Ma kicked Bin in the thigh and motioned to his men. “Get him out of here.”
They lifted Bin’s upper body and dragged him to the entrance, while Bin kept shouting, “They broke my balls and glasses!”
“It’s a madman,” someone said to the people who couldn’t get through the crowd to look.
“A lunatic bit his leader,” another added.
Sitting on a boulder outside the theater, Bin tried to collect his thoughts. Spasms were seizing his lower abdomen, and he believed his testicles were swollen with dark blood. They were so painful that he couldn’t stand up and walk home. Fortunately, Hsiao Peng happened to be at the theater and offered to take him home by bicycle.
They arrived at the dormitory house fifteen minutes later. Meilan was not in. Bin felt sorry that he couldn’t make tea for Hsiao, but he said he wasn’t thirsty. As Hsiao was about to leave, Bin tentatively asked him whether he would mind giving witness to the beating. Hsiao said plainly, “Forget it, Young Shao. Why do you enjoy fighting so much? Nothing good will come of it if you go on like this, you know? Don’t think of fighting anymore, all right? Think about your work and your family.”
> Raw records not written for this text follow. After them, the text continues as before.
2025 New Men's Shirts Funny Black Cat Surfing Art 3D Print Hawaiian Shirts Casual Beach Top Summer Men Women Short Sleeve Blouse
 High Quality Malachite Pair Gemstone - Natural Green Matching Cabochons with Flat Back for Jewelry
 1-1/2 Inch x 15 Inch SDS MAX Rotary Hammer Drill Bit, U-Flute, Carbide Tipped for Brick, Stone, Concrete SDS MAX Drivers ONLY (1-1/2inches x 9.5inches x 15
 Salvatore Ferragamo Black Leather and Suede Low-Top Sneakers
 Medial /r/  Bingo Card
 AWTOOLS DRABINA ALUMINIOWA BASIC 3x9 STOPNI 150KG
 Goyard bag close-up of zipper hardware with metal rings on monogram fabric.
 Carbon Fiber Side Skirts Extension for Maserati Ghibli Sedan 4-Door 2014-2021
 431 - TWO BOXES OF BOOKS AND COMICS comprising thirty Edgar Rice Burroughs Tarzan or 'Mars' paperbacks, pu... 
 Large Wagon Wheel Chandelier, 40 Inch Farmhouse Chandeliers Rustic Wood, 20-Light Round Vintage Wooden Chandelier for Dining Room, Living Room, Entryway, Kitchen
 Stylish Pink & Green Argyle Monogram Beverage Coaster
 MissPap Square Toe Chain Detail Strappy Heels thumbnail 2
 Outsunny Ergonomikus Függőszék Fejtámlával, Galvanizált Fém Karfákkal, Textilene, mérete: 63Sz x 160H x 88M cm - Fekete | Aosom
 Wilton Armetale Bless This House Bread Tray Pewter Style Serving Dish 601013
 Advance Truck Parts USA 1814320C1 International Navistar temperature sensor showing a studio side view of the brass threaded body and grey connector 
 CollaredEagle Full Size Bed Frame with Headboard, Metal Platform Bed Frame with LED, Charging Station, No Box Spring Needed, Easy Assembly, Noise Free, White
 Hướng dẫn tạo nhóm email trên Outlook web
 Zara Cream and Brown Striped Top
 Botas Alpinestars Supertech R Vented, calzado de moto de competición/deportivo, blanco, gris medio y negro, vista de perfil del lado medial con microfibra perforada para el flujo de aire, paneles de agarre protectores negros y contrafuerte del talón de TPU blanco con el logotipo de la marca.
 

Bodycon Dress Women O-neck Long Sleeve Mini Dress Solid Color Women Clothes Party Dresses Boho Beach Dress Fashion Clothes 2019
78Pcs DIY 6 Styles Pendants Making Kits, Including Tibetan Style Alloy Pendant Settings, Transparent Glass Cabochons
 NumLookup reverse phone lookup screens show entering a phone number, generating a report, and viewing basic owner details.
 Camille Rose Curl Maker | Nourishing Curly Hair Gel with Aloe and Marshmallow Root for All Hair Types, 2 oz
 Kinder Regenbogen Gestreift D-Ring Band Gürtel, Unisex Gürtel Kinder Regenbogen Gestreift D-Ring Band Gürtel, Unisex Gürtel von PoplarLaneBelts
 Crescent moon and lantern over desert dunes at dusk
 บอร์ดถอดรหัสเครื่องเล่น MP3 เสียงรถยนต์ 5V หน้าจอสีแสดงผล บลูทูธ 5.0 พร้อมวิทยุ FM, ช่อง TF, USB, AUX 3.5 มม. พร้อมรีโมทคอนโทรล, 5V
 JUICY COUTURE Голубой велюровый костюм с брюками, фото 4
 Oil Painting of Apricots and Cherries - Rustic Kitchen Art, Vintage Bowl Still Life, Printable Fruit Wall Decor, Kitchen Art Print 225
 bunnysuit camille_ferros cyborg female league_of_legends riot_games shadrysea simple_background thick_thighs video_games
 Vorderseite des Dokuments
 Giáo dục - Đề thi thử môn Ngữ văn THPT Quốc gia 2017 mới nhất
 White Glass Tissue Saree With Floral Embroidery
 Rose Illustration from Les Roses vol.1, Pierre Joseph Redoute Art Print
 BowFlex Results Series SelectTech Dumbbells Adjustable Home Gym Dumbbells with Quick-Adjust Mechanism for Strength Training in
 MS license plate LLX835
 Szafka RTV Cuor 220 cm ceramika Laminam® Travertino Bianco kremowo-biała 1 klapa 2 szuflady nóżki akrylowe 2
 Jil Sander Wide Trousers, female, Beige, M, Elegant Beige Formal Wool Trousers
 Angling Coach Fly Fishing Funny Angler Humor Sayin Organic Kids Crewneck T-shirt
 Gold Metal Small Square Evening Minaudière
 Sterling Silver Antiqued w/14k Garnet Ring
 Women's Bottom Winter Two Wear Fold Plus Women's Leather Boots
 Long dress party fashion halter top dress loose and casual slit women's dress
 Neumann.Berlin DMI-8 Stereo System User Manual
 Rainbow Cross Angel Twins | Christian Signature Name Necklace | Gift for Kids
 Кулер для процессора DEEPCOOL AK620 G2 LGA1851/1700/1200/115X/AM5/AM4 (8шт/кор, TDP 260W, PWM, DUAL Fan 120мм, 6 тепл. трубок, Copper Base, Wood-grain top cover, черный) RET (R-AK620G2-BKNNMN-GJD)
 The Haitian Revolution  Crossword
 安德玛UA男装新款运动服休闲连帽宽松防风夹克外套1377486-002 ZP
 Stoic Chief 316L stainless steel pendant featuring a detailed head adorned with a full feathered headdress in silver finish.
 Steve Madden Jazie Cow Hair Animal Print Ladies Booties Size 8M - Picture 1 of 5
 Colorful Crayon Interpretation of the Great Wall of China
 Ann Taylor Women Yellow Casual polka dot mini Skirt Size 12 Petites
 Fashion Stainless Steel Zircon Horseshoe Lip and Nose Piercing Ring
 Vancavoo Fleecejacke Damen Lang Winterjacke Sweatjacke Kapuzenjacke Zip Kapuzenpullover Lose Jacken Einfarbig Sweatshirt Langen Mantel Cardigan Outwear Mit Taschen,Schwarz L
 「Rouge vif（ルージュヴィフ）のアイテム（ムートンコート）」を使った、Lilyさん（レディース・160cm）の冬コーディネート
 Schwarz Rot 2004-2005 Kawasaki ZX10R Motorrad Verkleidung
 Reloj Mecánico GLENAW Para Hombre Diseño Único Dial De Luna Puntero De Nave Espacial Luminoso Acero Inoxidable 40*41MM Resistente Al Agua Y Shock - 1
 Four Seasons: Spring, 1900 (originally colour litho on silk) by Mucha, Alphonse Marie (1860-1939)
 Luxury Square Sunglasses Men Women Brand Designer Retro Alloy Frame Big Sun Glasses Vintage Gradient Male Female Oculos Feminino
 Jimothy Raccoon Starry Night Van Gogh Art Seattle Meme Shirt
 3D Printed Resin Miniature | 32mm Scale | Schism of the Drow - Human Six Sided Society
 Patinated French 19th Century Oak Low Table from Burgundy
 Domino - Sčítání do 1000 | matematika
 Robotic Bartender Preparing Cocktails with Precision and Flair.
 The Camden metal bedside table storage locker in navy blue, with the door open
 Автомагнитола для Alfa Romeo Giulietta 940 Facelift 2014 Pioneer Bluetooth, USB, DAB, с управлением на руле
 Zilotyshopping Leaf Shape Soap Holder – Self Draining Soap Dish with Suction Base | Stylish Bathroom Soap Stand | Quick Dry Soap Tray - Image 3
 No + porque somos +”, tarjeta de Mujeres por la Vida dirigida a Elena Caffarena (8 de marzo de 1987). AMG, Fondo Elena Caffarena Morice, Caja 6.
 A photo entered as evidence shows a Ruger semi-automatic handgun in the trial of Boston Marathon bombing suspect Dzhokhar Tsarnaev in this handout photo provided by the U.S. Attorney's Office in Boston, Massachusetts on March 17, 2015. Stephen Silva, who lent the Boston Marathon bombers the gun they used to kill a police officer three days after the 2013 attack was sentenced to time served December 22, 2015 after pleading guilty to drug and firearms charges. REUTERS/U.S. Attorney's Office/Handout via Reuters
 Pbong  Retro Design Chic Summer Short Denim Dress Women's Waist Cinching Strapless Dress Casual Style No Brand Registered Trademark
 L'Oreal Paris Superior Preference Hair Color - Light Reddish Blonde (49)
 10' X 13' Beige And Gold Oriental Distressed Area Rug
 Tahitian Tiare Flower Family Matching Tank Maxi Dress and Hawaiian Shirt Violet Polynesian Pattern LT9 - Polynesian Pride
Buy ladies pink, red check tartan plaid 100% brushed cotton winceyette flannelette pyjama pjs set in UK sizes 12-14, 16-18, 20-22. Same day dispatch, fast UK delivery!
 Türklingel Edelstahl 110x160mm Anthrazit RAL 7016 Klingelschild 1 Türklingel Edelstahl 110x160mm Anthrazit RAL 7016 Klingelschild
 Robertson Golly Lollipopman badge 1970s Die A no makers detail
“What do you mean by my ‘work’?” Bin’s voice turned angry. “You mean I haven’t worked well.”
“Yes, you only know how to mess things up. To be honest, I wish you weren’t in our Maintenance. Who can keep watch on you all the time?”
“Did they ask you to do that? To be responsible for what I do?”
“Damn, you understand everything but never try to change. You must change yourself.”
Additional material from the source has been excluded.